Het noodzakelijkste was dus om de engelsche overheid te waarschuwen en
op den passagier van de Rangoon de aandacht te vestigen voor hij nog
aan land was. Niets nu was gemakkelijker daar de mailboot te Singapore
binnenliep, en Singapore stond in verbinding met de chineesche kust
door de telegraaf. Intusschen voor hij iets ondernam en om zekerder te
zijn, besloot Fix Passepartout eerst eens te ondervragen.
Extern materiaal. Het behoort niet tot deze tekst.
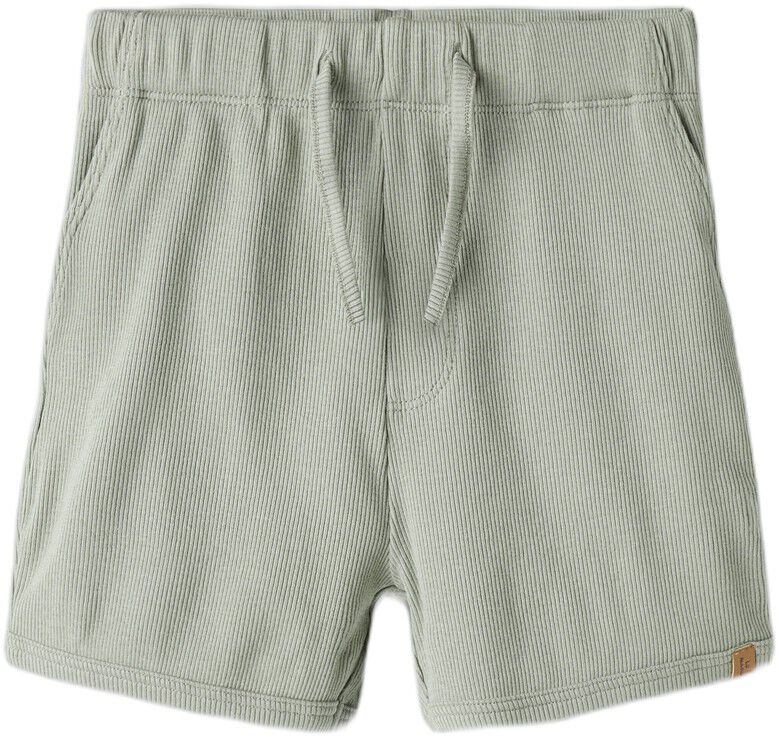 NMMGAGO KNA SHORTS LIL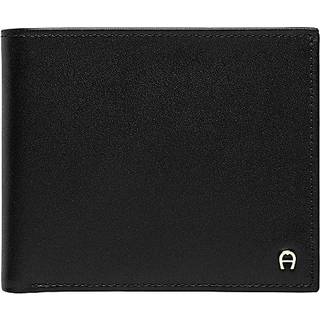 Aigner Daily Basis Pung
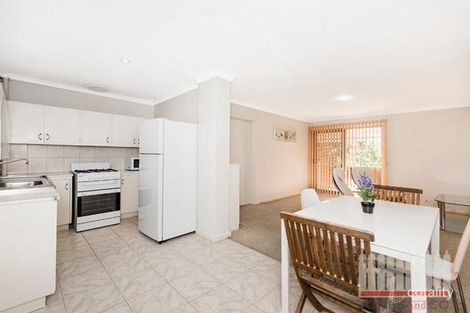 21/11 HERDSMAN PDE, WEMBLEY, WA 6014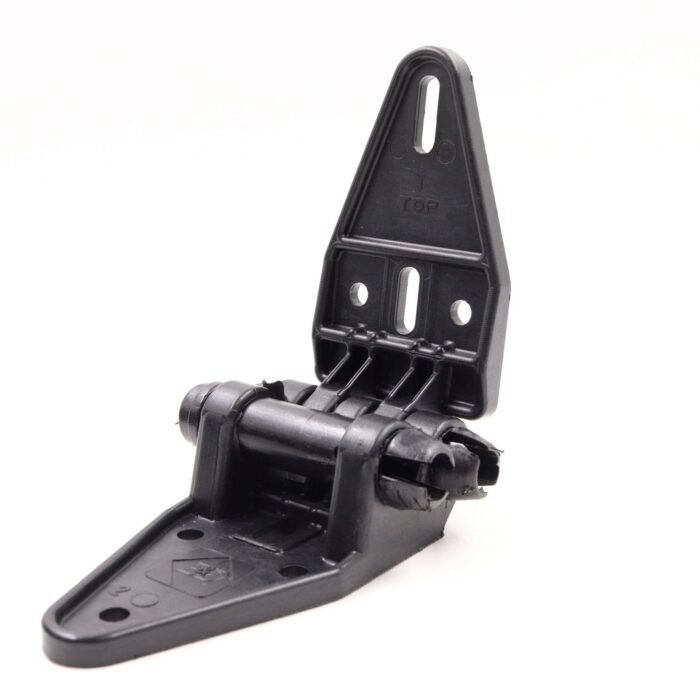 2_9e34e65e-8815-49a7-9b24-01978922a5aa 2_9e34e65e-8815-49a7-9b24-01978922a5aa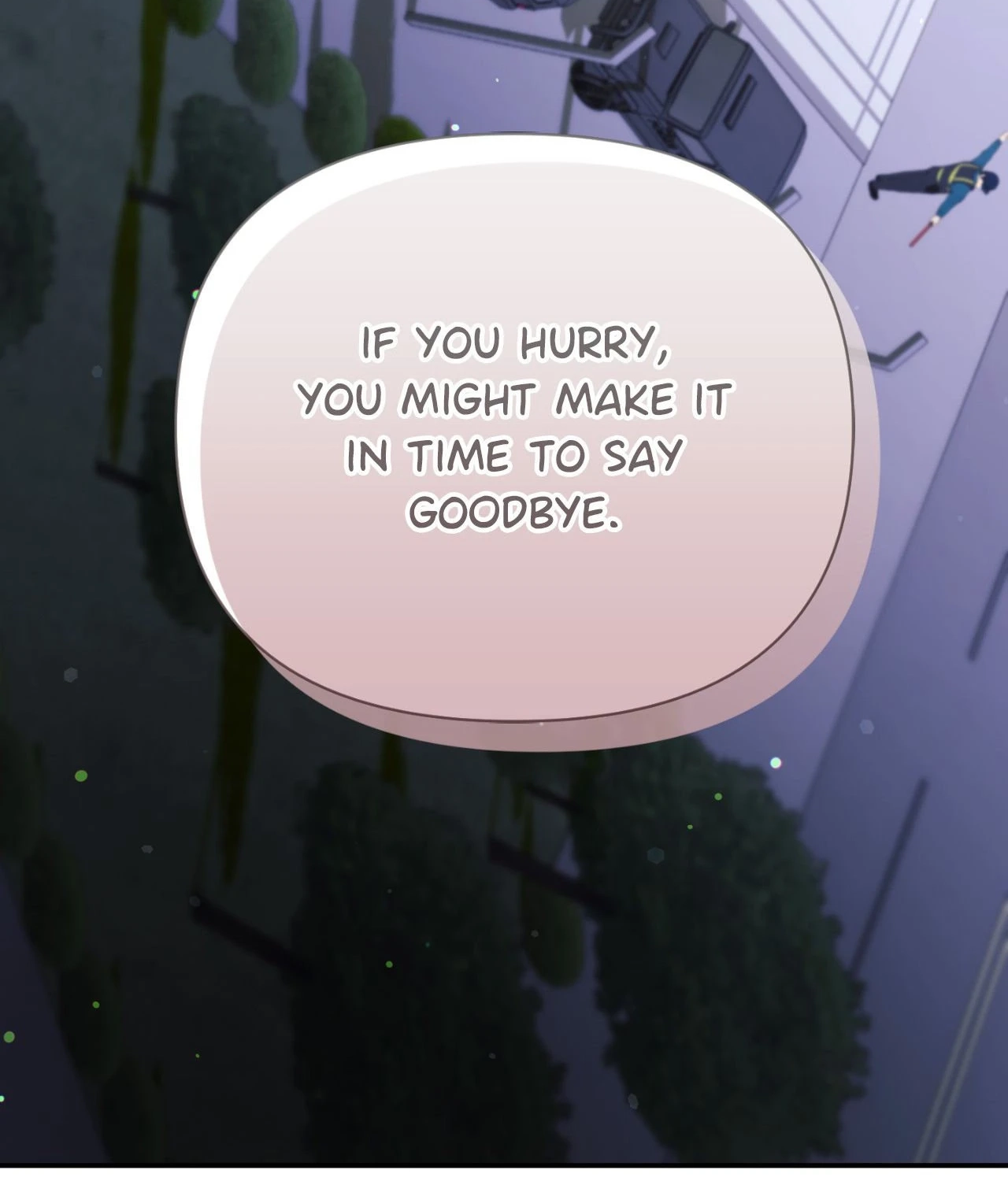 Read You Are So Lovely chapter 56 image 71 on Lezhin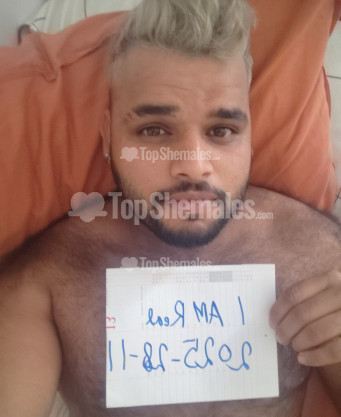 Photo escort girl Hairy: the best escort service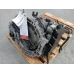 HOLDEN CAPTIVA TRANS/GEARBOX AUTO, AWD, DIESEL, 2.2, 4GMR TAG (GEN 2), NO TRANSF
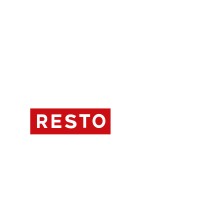 Restofund logo - Similar company to Nprende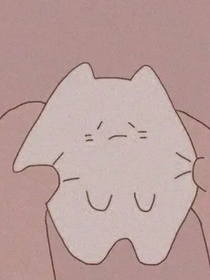 圆七七日常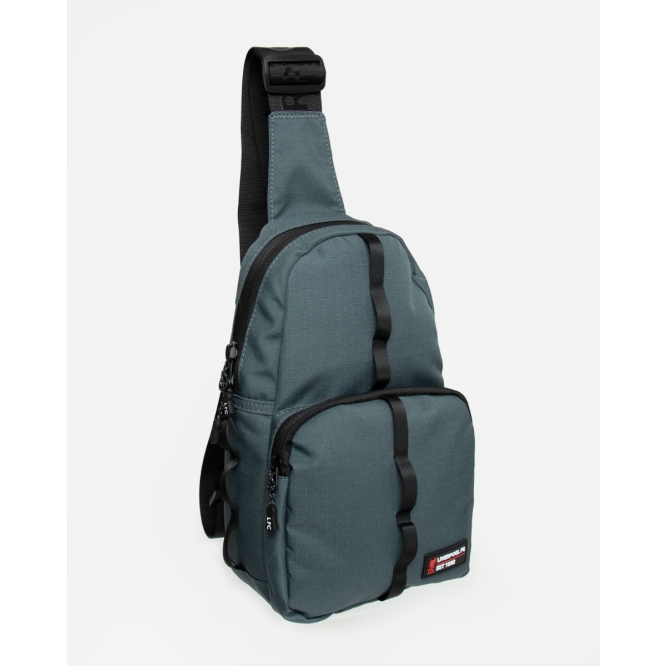 Mochila de una sola correa hotsell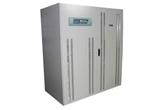 UPS Sentry HT w zakresie mocy 250 - 800 kVA UPS Sentry HT w zakresie mocy 250 - 800 kVA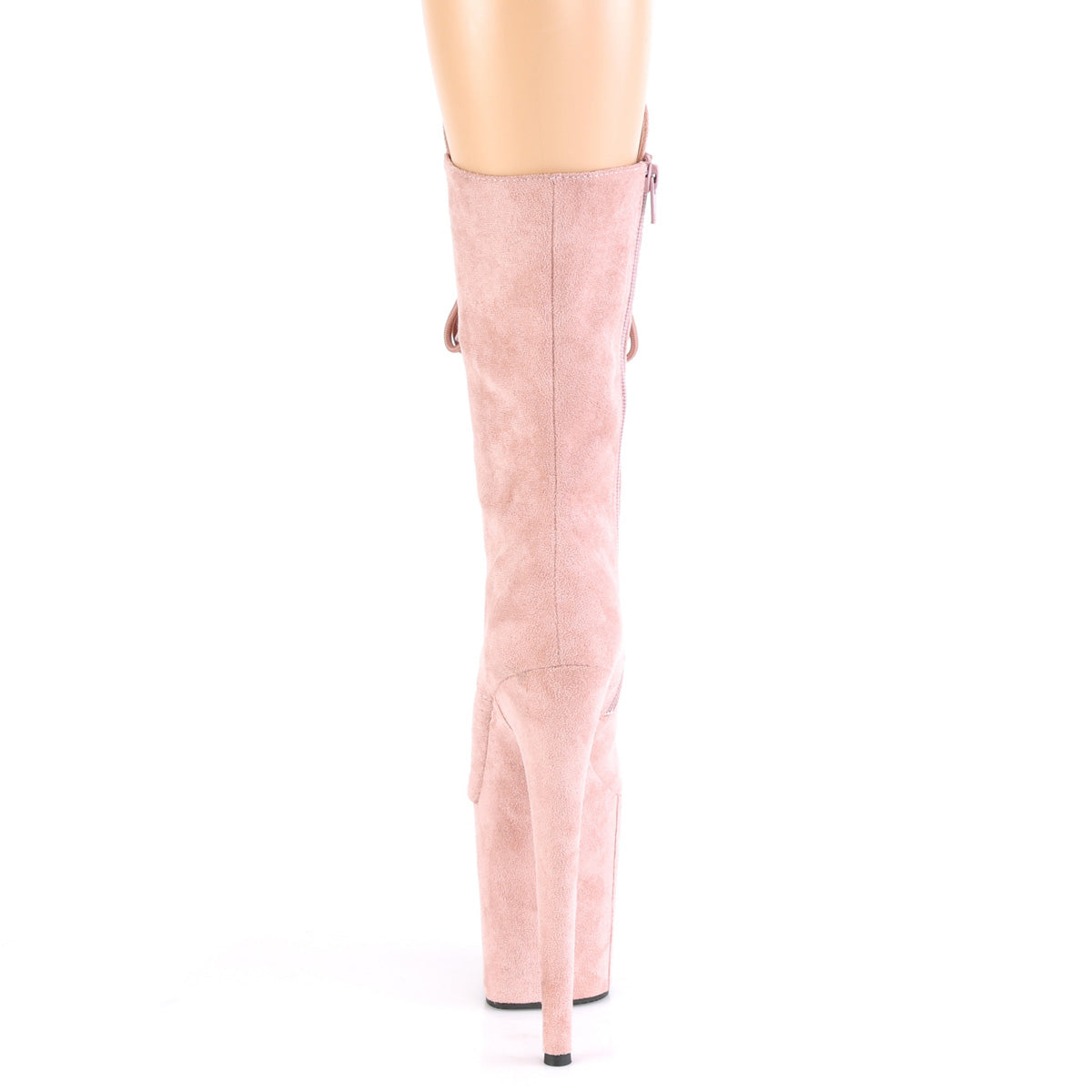 Flamingo-1050FS - Image 4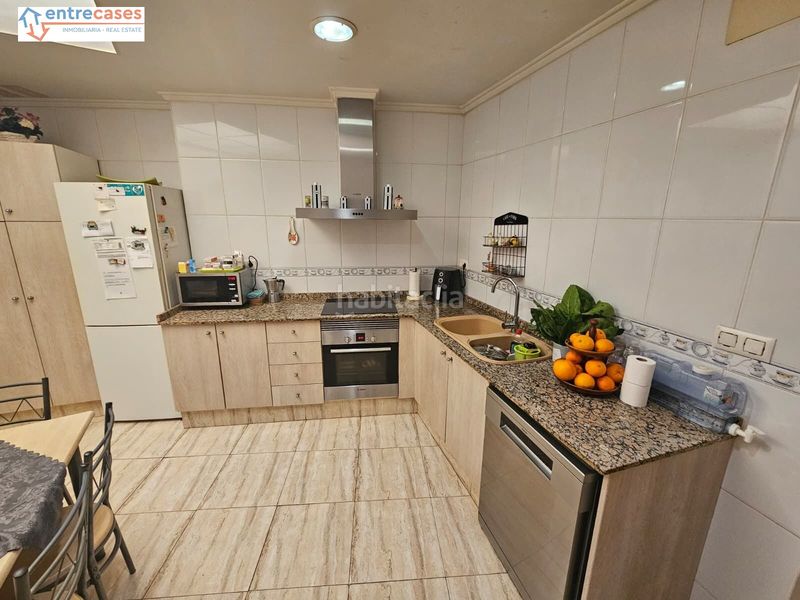 Foto 137efe1e-2991-4ead-841c-d555cc0a1e4f. Casa a Quartell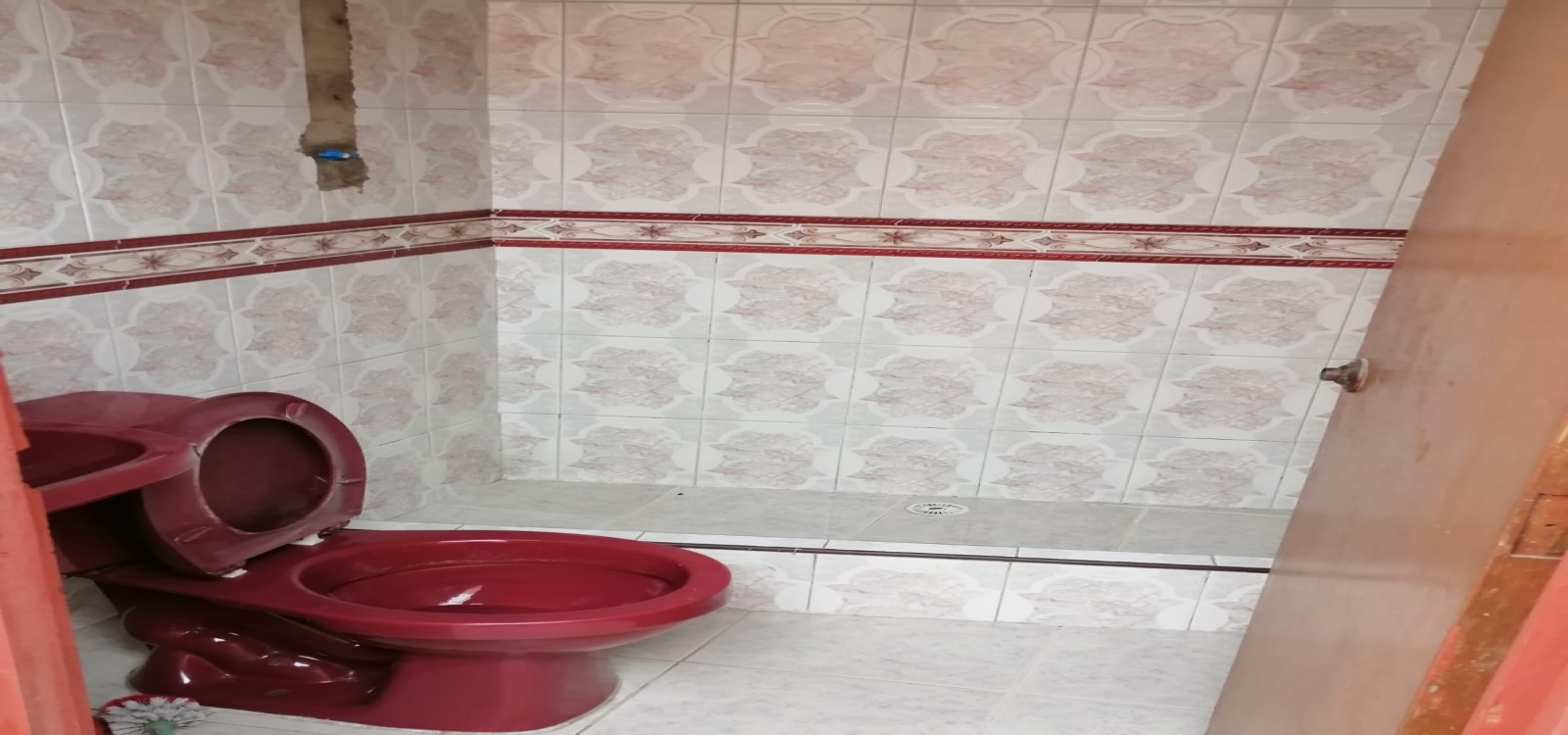 17 n 04 cll 73 sur, Bogotá, Sur, Quintas Del Sur, 3 Habitaciones Habitaciones,2 BathroomsBathrooms,Casas,Venta,cll 73 sur,4398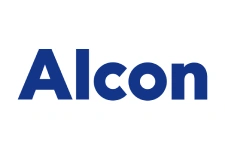 Alcon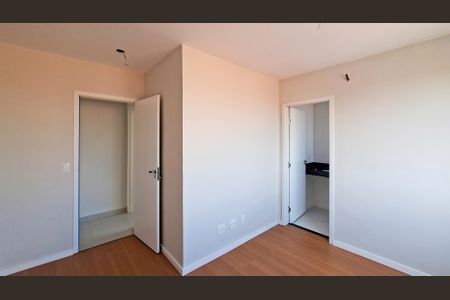 Apartamento à venda com 78m², 3 quartos e 2 vagasSuíte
Hij meende
dat het niet moeielijk zou zijn om den bediende aan het praten te
krijgen en besloot dus om zich aan hem bekend te maken. Er was niet
veel tijd te verliezen. Het was de 30ste October, en den anderen
morgen moest de Rangoon te Singapore het anker werpen. Fix dan ging
dien dag aan dek, met het plan om Passepartout het eerst en wel met
de grootste verbazing aan te spreken. Passepartout liep heen en weer
op het voordek, toen de inspecteur naar hem toesnelde, met de woorden:
"Wat, mijnheer? zijt gij op de Rangoon?"
"Mijnheer Fix aan boord!" antwoordde Passepartout zeer verrast, toen
hij zijn metgezel van de Mongolia herkende. "Hoe nu? gij verliet
mij te Bombay en ik ontmoet u weer op de reis naar Hong-Kong. Maar,
zeg eens, maakt gij ook de reis om de wereld?"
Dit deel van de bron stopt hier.